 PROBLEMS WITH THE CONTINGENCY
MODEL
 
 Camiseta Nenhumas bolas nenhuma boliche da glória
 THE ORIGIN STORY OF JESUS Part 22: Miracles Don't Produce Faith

## Task requirements
Type out the whole listing above again, exactly as it stands.

## Result of this task
 PROBLEMS WITH THE CONTINGENCY
MODEL
 
 Camiseta Nenhumas bolas nenhuma boliche da glória
 THE ORIGIN STORY OF JESUS Part 22: Miracles Don't Produce Faith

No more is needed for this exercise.